For me the best argument against FTL travel is that, according to relativity, you have either FTL travel or causality, but you can't have both.
Imagine it this way. Let's assume we have a rocket, that travelled from the Earth to Alpha Centauri in a year (as perceived by people on Earth), achieving this way an average velocity of 4.2 c. We then have two events (in form (t,x) relative to Earth):
(0,0) - start of the rocket
(1,4.2) - arrival of the rocket on Alpha Centauri.
Now let's say we have a regular, slower than light rocket, which travels in the direction of Alpha Centauri at 0.5 c, starting in the same place and time as the previous rocket. Let's calculate what will people on that rocket see...
Using the Lorentz transformation, we get that the first rocket still started at (0,0). But the coordinates of the arrival will be:
[math]x' = \frac{x-vt}{\sqrt{1-\frac{v^2}{c^2}}} = \frac{4.2-0.5}{\frac{\sqrt{3}}{2}} = \frac{7.4}{\sqrt{3}} \approx 4.27 ly[/math]
[math]t' = \frac{t-\frac{v}{c^2}x}{\sqrt{1-\frac{v^2}{c^2}}} = \frac{1-2.1}{\frac{\sqrt{3}}{2}} = \frac{-2.2}{\sqrt{3}} \approx -1.27 yr[/math]
Wait, what? t' is negative, which means that relative to the second rocket, the first one arrived 1.3 years before it took off! Let's say that the first rocket was carrying a message about a great war that started on Earth just before its takeoff. According to the second rocket, people living in the space station near Alpha Centauri were notified about the war before it started. Causality is broken.

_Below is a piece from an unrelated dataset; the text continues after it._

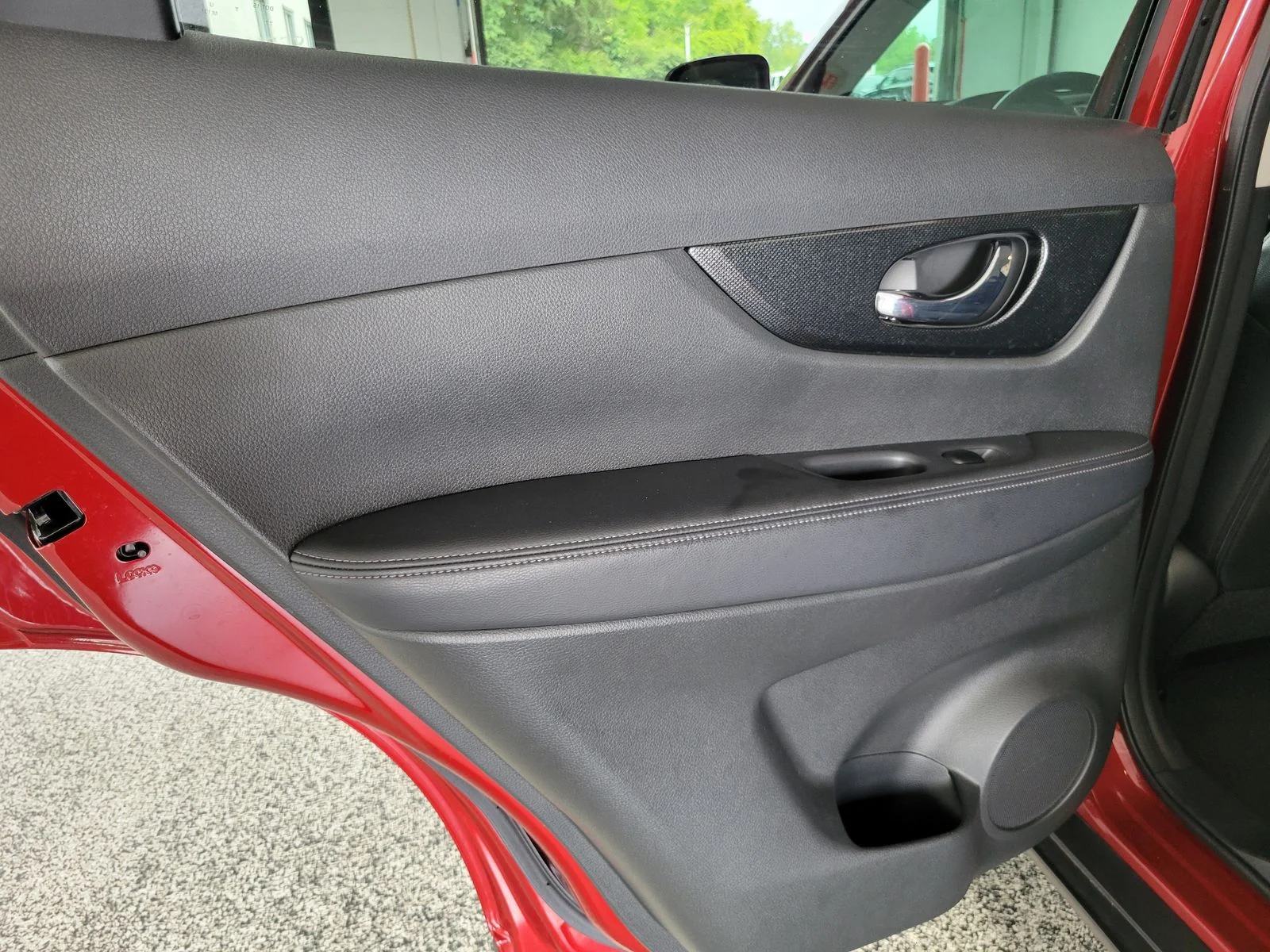 Used 2016 Red Nissan SL image 24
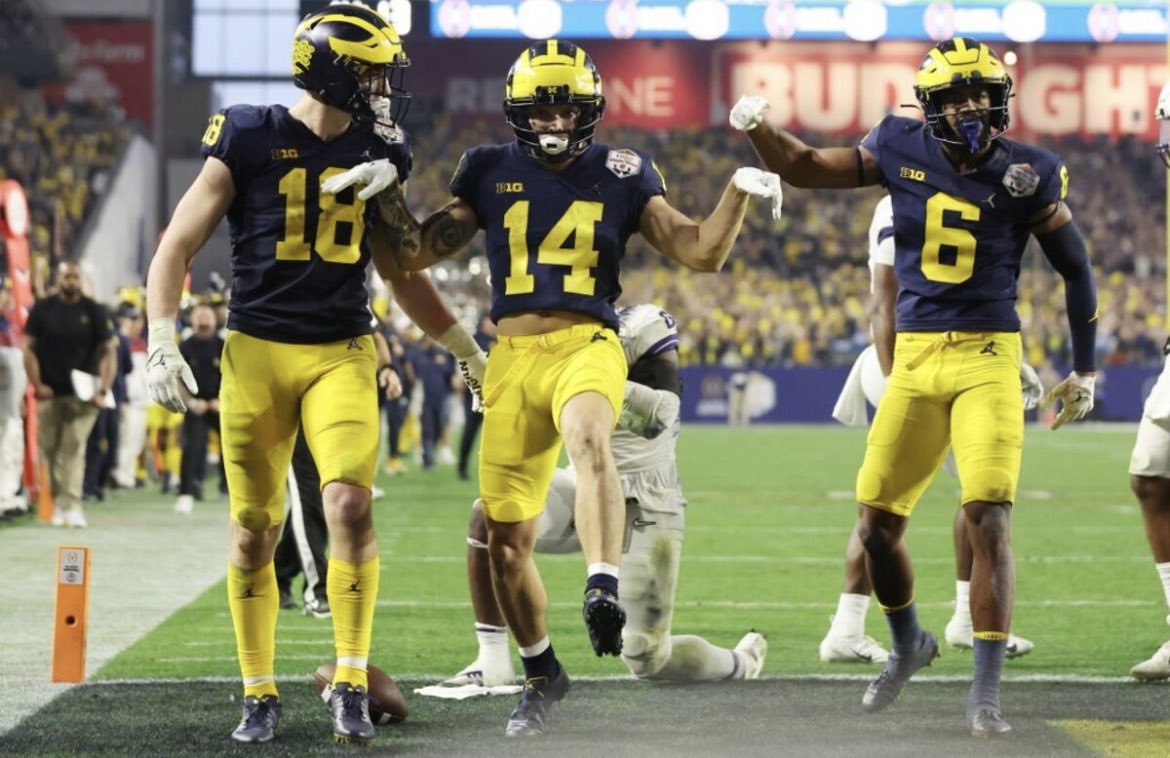 Blessed to receive an offer from the University of Michigan! 〽️#27 #GoBlue @CoachCPartridge @19Bellamy @Davis33Coach @WAAcademyFB @JeremyO_Johnson @RyanWrightRNG @Mansell247 @RivalsFriedman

The point is, if the interval between two events is spacelike ([math]c^2 (\Delta t)^2 - (\Delta x)^2 < 0[/math]), there always exists such a frame of reference, that the sequence of events is reversed in that frame. This means that if you can travel faster than light, you can make a causal connection between a sequence of events, which will be reversed in another frame of reference. Since it is widely believed that causality should work, this means that there can be no FTL travel.